Sul Fondo per la finanza d'impresa avevo parlato in questo blog. Qui sopra riporto un'interpretazione autentica del provvedimento, tratta da un'intervista ad Andrea Vecchia, Direttore generale dell'IPI, che è uno dei suoi principali ispiratori. L'intervista è stata pubblicata sul Corriere delle opere del 4 settembre 2007. Potete scaricarla qui.
Ci sono diversi punti da commentare. Tengo in serbo le osservazioni, e mi riprometto di inserirle in blog specifici.

Luca
Sun 9 Sep 2007, 18.48 - Stampa
La Commissione Europea, già alla fine di giugno, ha rilasciato una bozza di Comunicazione in materia di aiuti di Stato concessi sotto forma di garanzie. Lo trovate qui in versione italiana.
Consiglio di scaricarlo e di leggerlo integralmente. La proposta innova le regole comunitarie rispetto alla Comunicazione 2000-C 71/07 del 2000. Già la ristesura delle norme in materia di de minimis del dicembre 2006 (ne abbiamo parlato qui) lasciava intendere che era allo studio una revisione profonda della materia.

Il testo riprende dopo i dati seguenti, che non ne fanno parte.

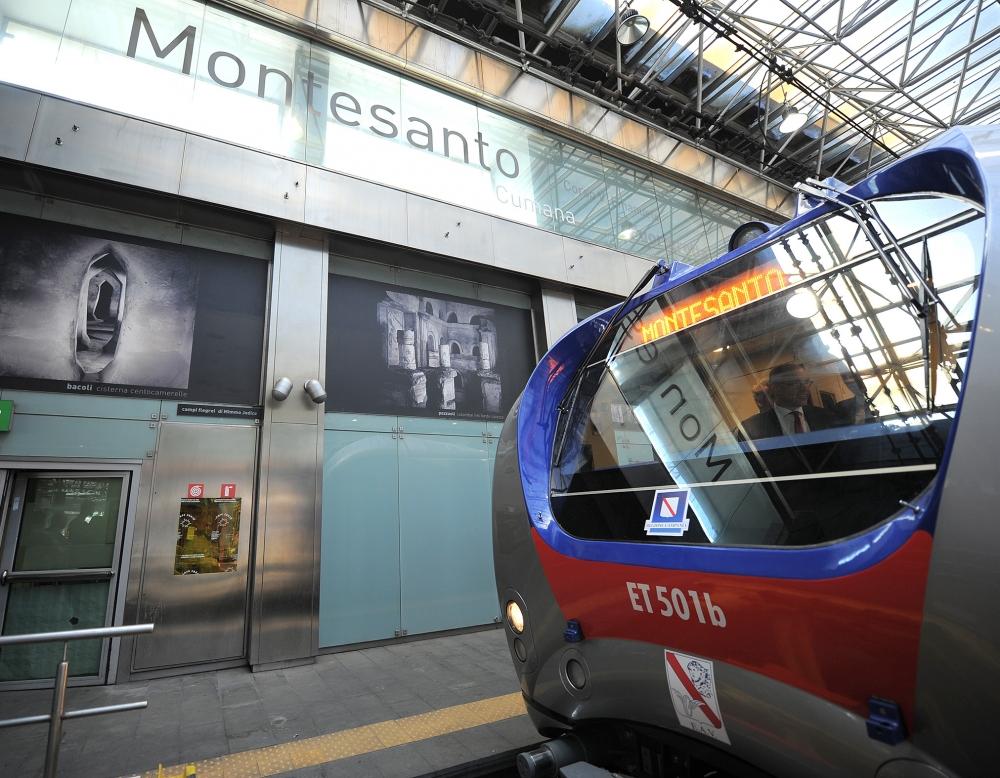 Cumana, alla stazione di Montesanto consegnato il primo dei nuovi treni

Propongo qualche riflessione sui punti che riguardano le garanzie sui prestiti alle Pmi, che sono individuati al sotto di un'esposizione unitaria di 1,5 milioni di euro. La proposta ribadisce il principio generale (già presente nel testo vigente) secondo cui l'aiuto di Stato c'è quando la garanzia concessa o supportata da enti pubblici ha un prezzo inferiore ad un equo prezzo di mercato. Quando non è possibile rilevare o stimare un prezzo della garanzia, si considera l'effetto della stessa sul costo del credito sottostante. In entrambi i casi l'aiuto corrisponde al risparmio di costo del pacchetto credito+garanzia a vantaggio dell'impresa beneficiaria rispetto alle condizioni di mercato che la stessa avrebbe in assenza di garanzia.
L'aiuto eventuale deve essere stimato ex ante, al momento della concessione della garanzia, non ex post, quando le risorse pubbliche sono consumate a copertura delle perdite realizzate.

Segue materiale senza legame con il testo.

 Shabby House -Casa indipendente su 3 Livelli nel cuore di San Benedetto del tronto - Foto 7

Nel caso di garanzie pubbliche per le Pmi concesse su base individuale (ad hoc), la nuova proposta non impone di effettuare per ogni caso un'analisi delle condizioni equivalenti di mercato: la bozza di comunicazione fissa dei livelli regolamentari di premio minimo annuo "esente" (safe harbour)al di sotto dei quali c'è aiuto di Stato, perché il prezzo è sotto il mercato.
La novità è che i livelli minimi di premio sono differenziati per rating dell'impresa: per classi da AAA a BBB-, il premio minimo è l'1% (copre più che altro le spese amministrative, le perdite attese sono quasi irrilevanti), sale al 2,2% per BB+ e BB, al 4% per BB-e B+, al 7,5% per B e B-. Per le classi inferiori di rating non è indicato un premio minimo: il rischio è così alto che non può essere quantificato, e inoltre l'impresa è in stato di crisi, e viene quindi ipotizzata a priori la presenza di aiuto pubblico.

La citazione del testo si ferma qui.